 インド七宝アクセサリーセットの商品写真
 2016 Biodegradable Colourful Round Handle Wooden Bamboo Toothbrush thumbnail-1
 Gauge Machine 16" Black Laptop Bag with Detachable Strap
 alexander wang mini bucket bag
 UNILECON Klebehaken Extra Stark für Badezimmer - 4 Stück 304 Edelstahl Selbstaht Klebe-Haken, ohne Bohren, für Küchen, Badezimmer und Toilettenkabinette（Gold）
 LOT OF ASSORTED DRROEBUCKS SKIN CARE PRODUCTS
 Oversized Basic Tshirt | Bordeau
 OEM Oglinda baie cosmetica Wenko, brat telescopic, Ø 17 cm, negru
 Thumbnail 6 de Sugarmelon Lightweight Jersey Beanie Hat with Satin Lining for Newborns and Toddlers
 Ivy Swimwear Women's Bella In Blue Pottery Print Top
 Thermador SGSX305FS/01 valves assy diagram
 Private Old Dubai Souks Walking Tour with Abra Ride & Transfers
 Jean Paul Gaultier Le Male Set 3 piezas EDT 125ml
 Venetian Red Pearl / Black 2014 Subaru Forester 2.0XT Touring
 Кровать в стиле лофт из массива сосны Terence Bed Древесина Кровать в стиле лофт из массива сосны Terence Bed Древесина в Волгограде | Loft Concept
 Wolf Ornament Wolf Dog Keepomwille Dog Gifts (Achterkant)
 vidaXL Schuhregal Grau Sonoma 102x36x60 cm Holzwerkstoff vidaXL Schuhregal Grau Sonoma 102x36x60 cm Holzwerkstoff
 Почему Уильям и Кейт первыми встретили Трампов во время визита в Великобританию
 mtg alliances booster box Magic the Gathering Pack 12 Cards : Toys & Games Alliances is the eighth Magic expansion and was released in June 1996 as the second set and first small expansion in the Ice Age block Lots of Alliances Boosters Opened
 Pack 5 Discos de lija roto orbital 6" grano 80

........

*Activity*:
Retype exactly, please, only the lines of the entries that run from the one containing "Wolf Ornament Wolf" to the last.

*Result for this task*:
 Wolf Ornament Wolf Dog Keepomwille Dog Gifts (Achterkant)
 vidaXL Schuhregal Grau Sonoma 102x36x60 cm Holzwerkstoff vidaXL Schuhregal Grau Sonoma 102x36x60 cm Holzwerkstoff
 Почему Уильям и Кейт первыми встретили Трампов во время визита в Великобританию
 mtg alliances booster box Magic the Gathering Pack 12 Cards : Toys & Games Alliances is the eighth Magic expansion and was released in June 1996 as the second set and first small expansion in the Ice Age block Lots of Alliances Boosters Opened
 Pack 5 Discos de lija roto orbital 6" grano 80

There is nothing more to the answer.